Damit komme ich auf den Rechtsschutzbeauftragten zu sprechen. Der Rechtsschutzbeauftragte ist eine Verlegenheitserfindung der vorletzten Stunde im Verlauf der Entstehung dieser Regierungsvorlage. Der Wortlaut läßt darauf schließen, daß die Intention auf irgendeinen emeritierten Universitätsprofessor abzielt. Ich glaube, daß sich seine praktische Wirksamkeit als sehr begrenzt erweisen wird. Allerdings bin ich fest davon überzeugt, daß die Regel über die Installierung und über das Wirken dieses Rechtsschutzbeauftragten eine Verfassungsbestimmung sein oder zumindest beinhalten müßte.
Der Präsident des Verfassungsgerichtshofes, der Präsident des Rechtsanwaltskammertages und der Vorsitzende der Volksanwaltschaft sind aufgerufen, entsprechende Vorschläge zu unterbreiten.
Der Justizminister ernennt den Rechtsschutzbeauftragten. Der Rechtsschutzbeauftragte hat die Möglichkeit – oder soll sie zumindest haben –, in die Justiz einzugreifen, in manchen Fällen indirekt, manchmal direkt. Wenn das nicht einer Verfassungsbestimmung bedarf – was sonst? Wenn es so beschlossen wird, wie es jetzt vorliegt, wird sich sicherlich jemand finden, der boshaft genug ist, zum Verfassungsgerichtshof zu gehen; dort wird er vielleicht eine Zeitlang warten müssen, aber er wird – davon bin ich überzeugt – schließlich recht bekommen.
Meine Damen und Herren! Es ist argumentiert worden, daß die Polizei dies alles brauche. Ich zweifle ein wenig daran, daß die Mafia nur darauf wartet, sich dorthin zu begeben, wo die Polizei soeben ihre Wanzen angebracht hat.
Ich darf daran erinnern, daß es zu allen Zeiten die Exekutive gewesen ist, die geglaubt hat, auf irgendwelche Methoden nicht verzichten zu können. Trotzdem hat die Gesellschaft immer wieder die Reife gehabt, darauf zu verzichten.
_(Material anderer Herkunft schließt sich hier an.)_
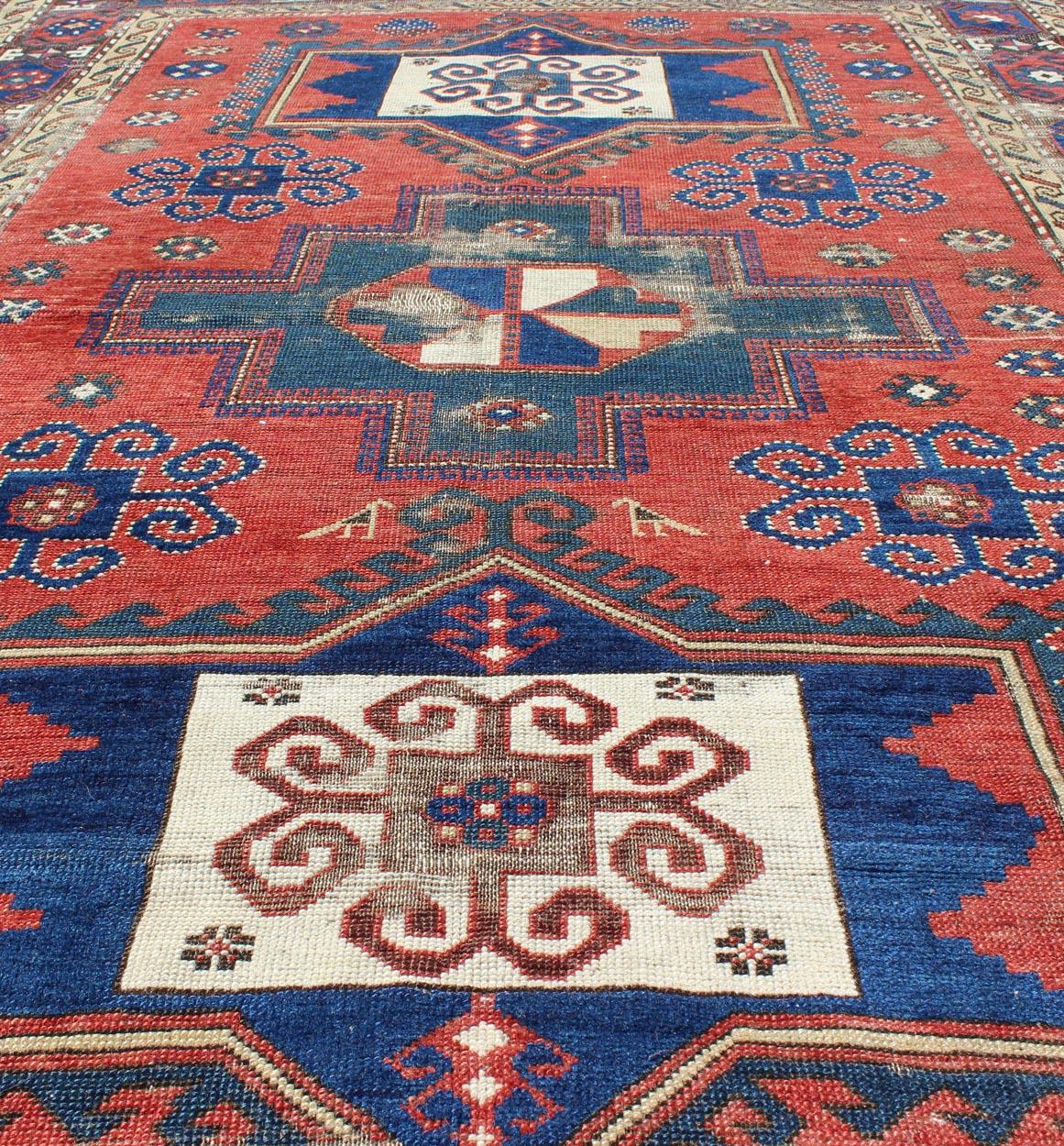 Antique Caucasian Kazak Rug with Tri-Medallion Geometric Design in Red and Blue 7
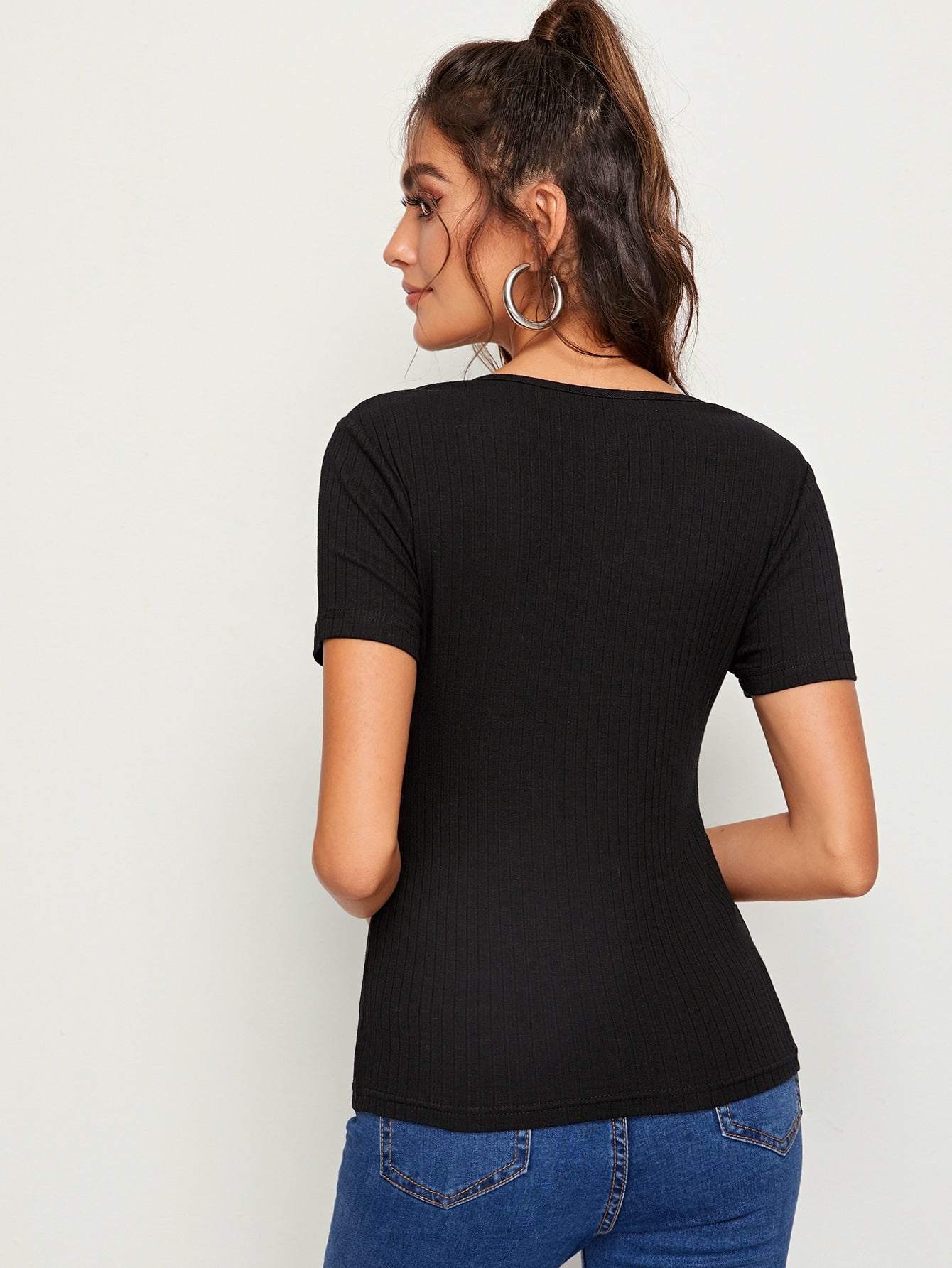 Solid Rib-knit Fitted Top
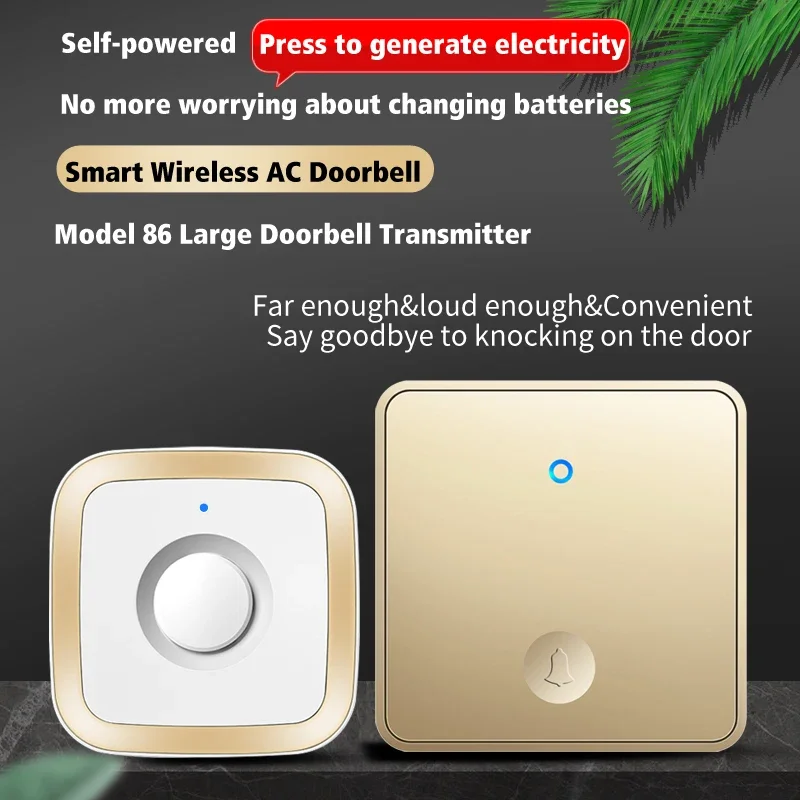 CACAZI Self-powered Home Wireless Doorbell Waterproof No Battery Button US EU UK Plug 60 Chime Wireless Alarm Doorbell (FA12BIG)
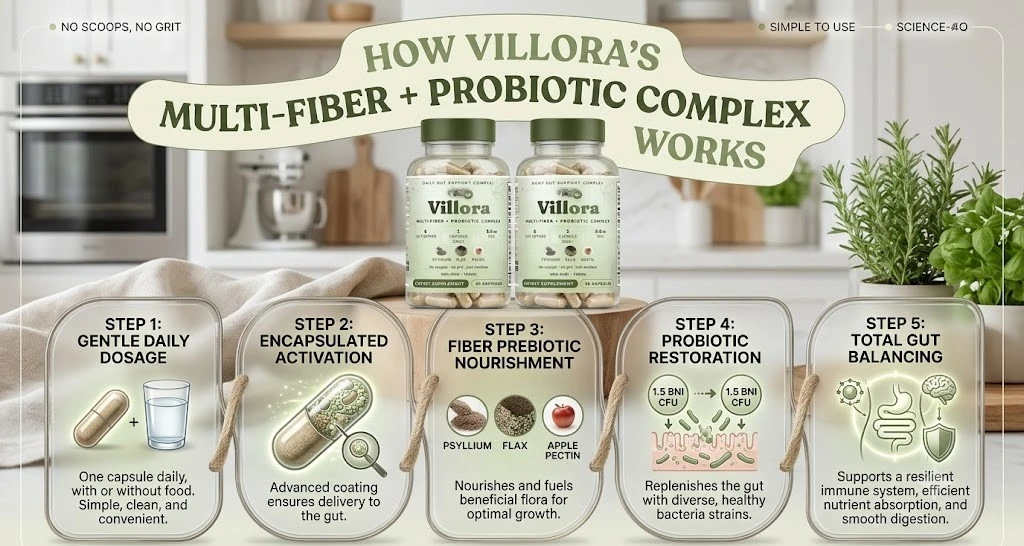 How Villora's multi-fiber and probiotic complex works, in five steps
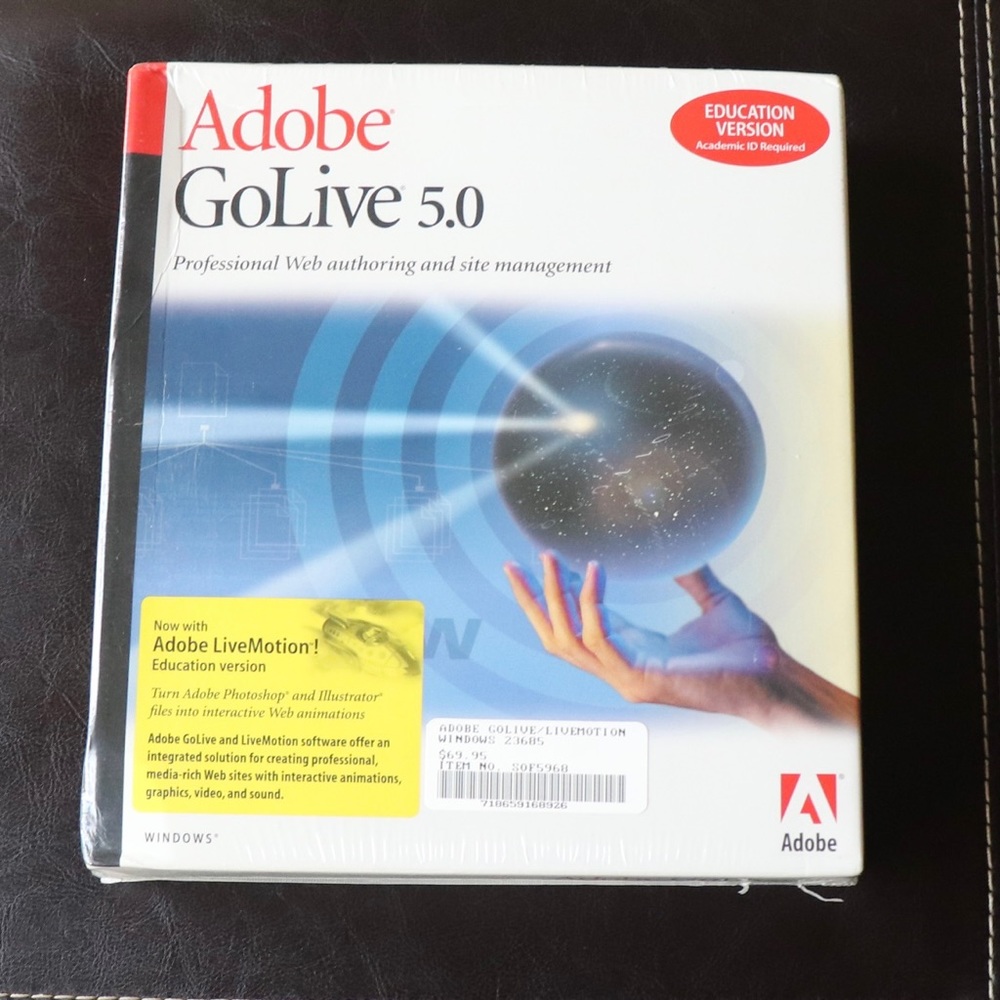 Adobe GoLive 5.0 for Windows Education VERSION Factory Sealed in Box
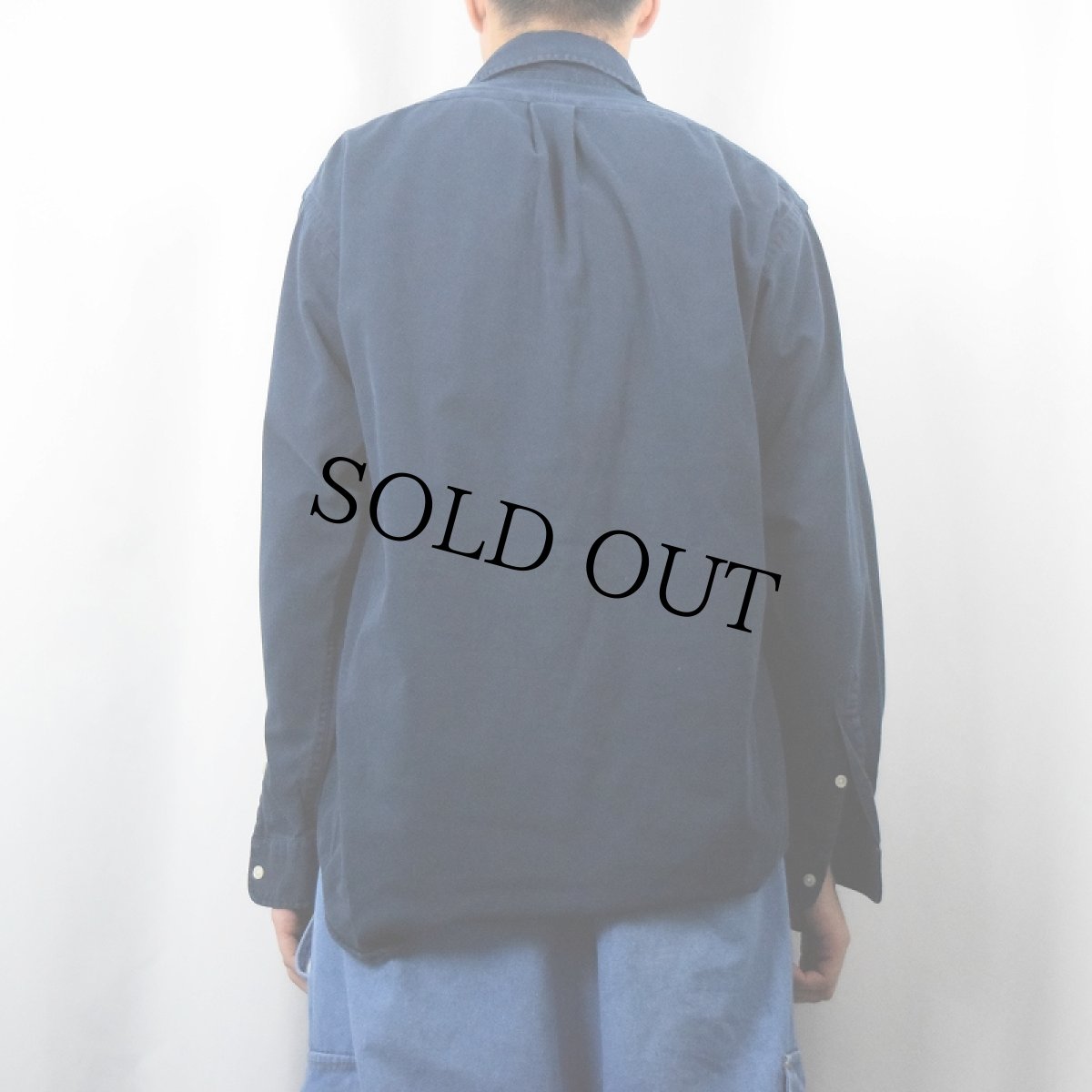 画像3: Ralph Lauren "BLAIRE" ロゴ刺繍 ボタンダウンコットンシャツ NAVY S (3)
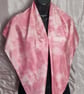Pure Silk Large Square Scarf in Pink and White - Image 5
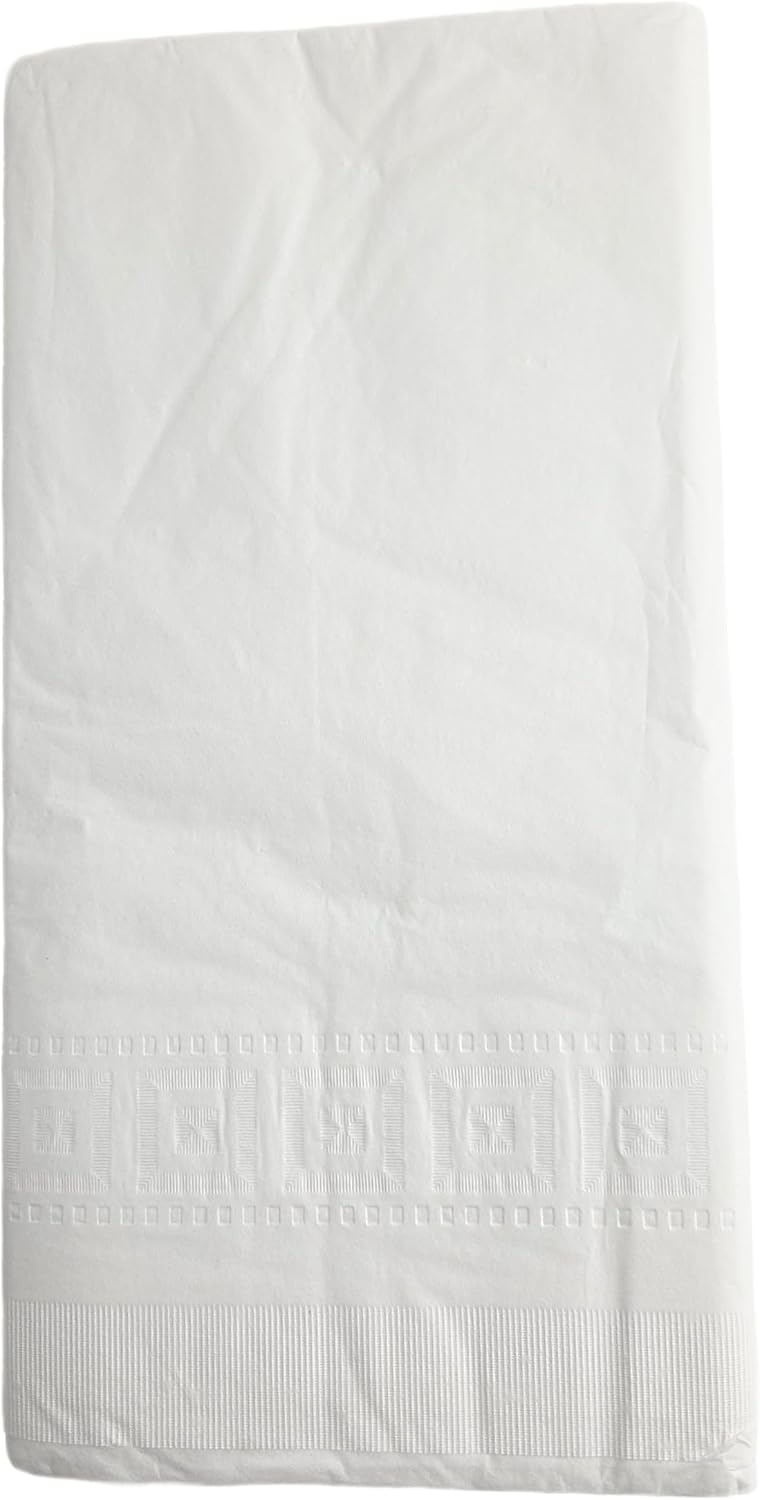 Party Favors Plus Disposable Tablecloth White 54x108 Inch 2-Ply Tissue Plastic Lining Rectangular Pack of 2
Aus der Lektüre meiner Studienzeit ist mir in Erinnerung, was vor der Abschaffung der Folter vor sich ging. Da rannten die Exponenten der damaligen Exekutive – wenn Sie so wollen – dem Souverän die Tür ein und behaupteten, ein solcher Schritt sei nicht tragbar; der Rechtsstaat werde zusammenbrechen und die Strafrechtspflege unmöglich werden; man müsse die Delinquenten auf die Streckbank spannen und ihnen die Daumenschrauben ansetzen können; andernfalls könne man mit der Strafrechtspflege "zusperren". – Wir haben die Folter abgeschafft, und trotzdem funktioniert alles. (Abg. Kiss: Dieser Vergleich ist in keiner Form angemessen! Die Folter ist ja nicht vergleichbar!)
Erst im Jahr 1950 wurde die Todesstrafe im ordentlichen Verfahren abgeschafft. Auch damals gab es Leute, die behaupteten, man könne dies nicht tun, weil sonst die Strafrechtspflege nicht mehr funktionieren werde. Heute machen wir – Gott sei Dank – keinen Gebrauch mehr von der Todesstrafe, und die Strafrechtspflege funktioniert noch immer, wenngleich in den Grenzen, die unsere Zeit in diesen Dingen offenbar zieht. (Abg. Kiss: Solche Vergleiche sind ein Armutszeugnis!)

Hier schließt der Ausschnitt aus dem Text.